The attention getter in the current Economist online debate is-
Paul Volcker put the matter clearly when he said, "I wish that somebody would give me some shred of neutral evidence about the relationship between financial innovation recently and the growth of the economy."
This is actually sad, reflecting a basic misunderstanding of the emergent and evolutionary nature of innovation and the impact of innovation on economic change. A view of economic history confirms this evolution and, like other innovations, the impact of financial innovation may take decades to emerge. Volcker is impatient and distrustful of systemic processes beyond the control of the state.

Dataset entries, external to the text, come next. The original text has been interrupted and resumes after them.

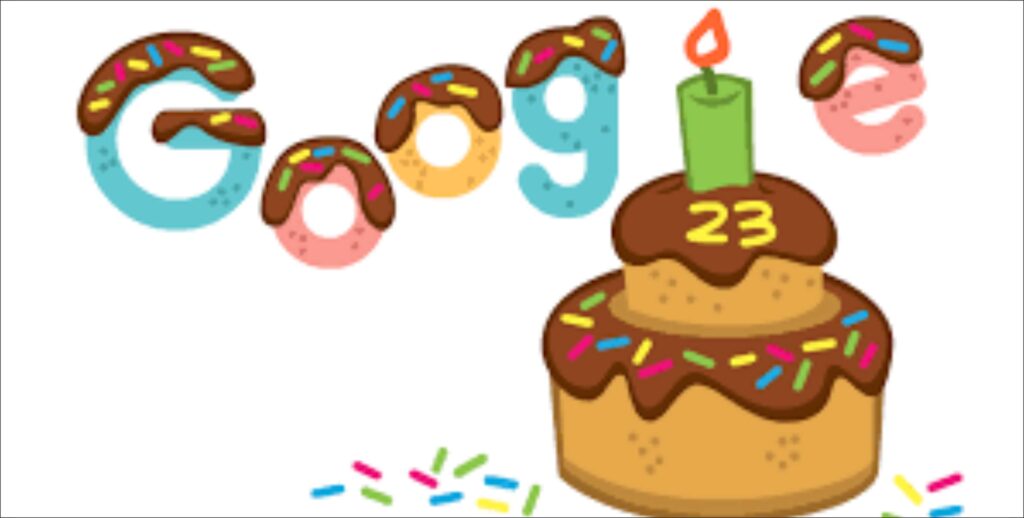 Google 23rd Birthday: Google is celebrating its 23rd birthday today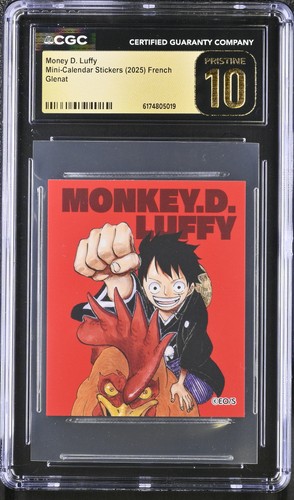 2025 ONE PIECE TRADING CARDS MINI-CALENDAR MONKEY D. LUFFY CGC 10 PRISTINE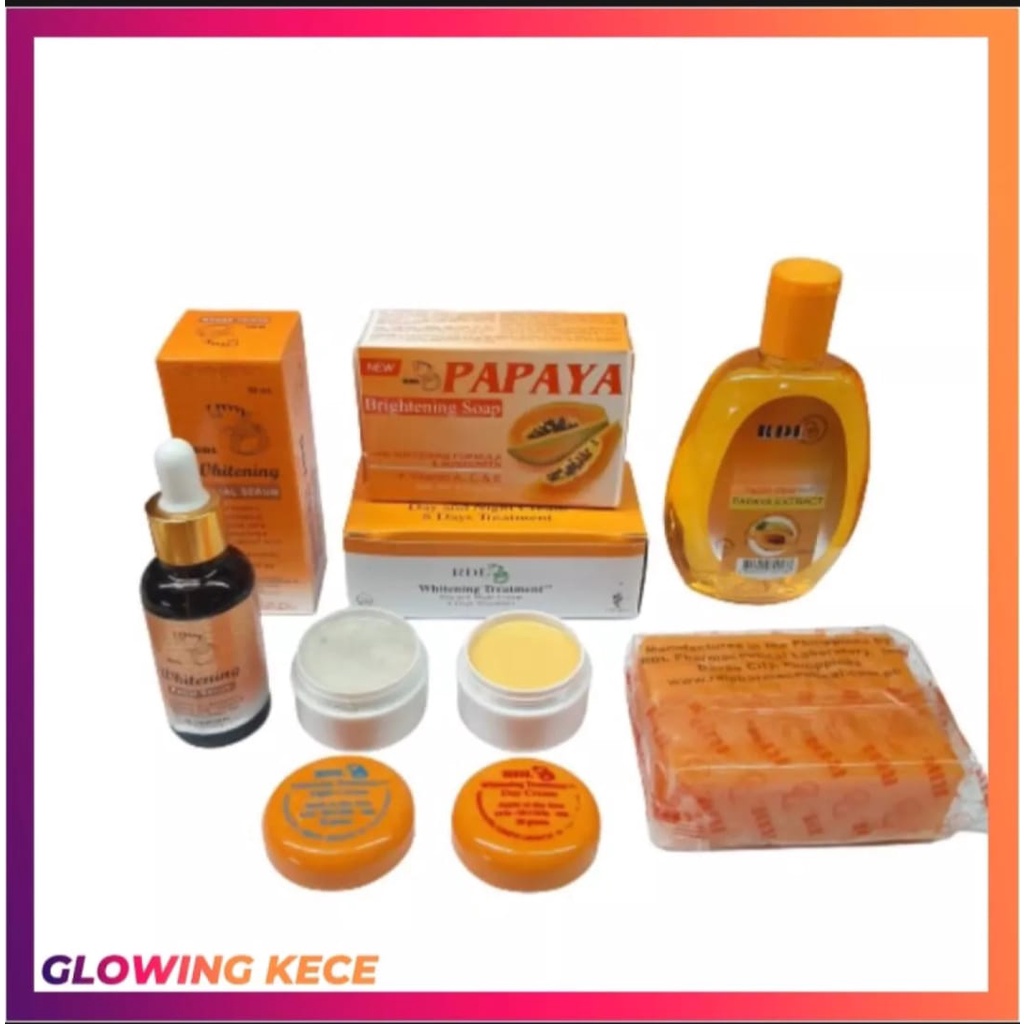 PEROMOO TERMURAH Paket Cream RDL 8 Day 5in1 (Clenser+Cream+Sabun+Facial Serum) paket RDL Perawatan W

Ross Levine takes the longer view
Even the most conventional components of modern finance, such as debt contracts and liquid securities markets, were themselves once financial innovations that circumvented former barriers to investment and growth. Consider an oceanic expedition or trading voyage in the 17th or 18th century. Such an endeavour required a large injection of capital and did not produce profits for a long time. Investors were reluctant to commit savings to such a long-term, albeit profitable, project because they valued having ready access to their wealth to cushion bad times or switch into other investments. Liquid securities markets eased this problem, allowing investors to sell their financial securities, which are claims on the future profitability of the project, if they wanted access to their wealth. With liquid markets, investors fund the oceanic voyage, but without those markets, economic progress slows.
Financial innovation, like all innovation, has risks, which have been unmistakably demonstrated by the current crisis.
My reading of this interesting debate - Ross Levine of Brown argues pro and our friend Joseph Stiglitz argues con - is informed by my reading of Thomas Sowell's Intellectuals and Society. In that book, Sowell contrasts the tragic or constrained vision with the anointed or unconstrained vision.
As one of the anointed, Stiglitz exemplifies the characteristics enumerated by Sowell - the identification of a big solution for a big problem, elite decision making and an emotional argument for centralization, in this case and increase in regulation.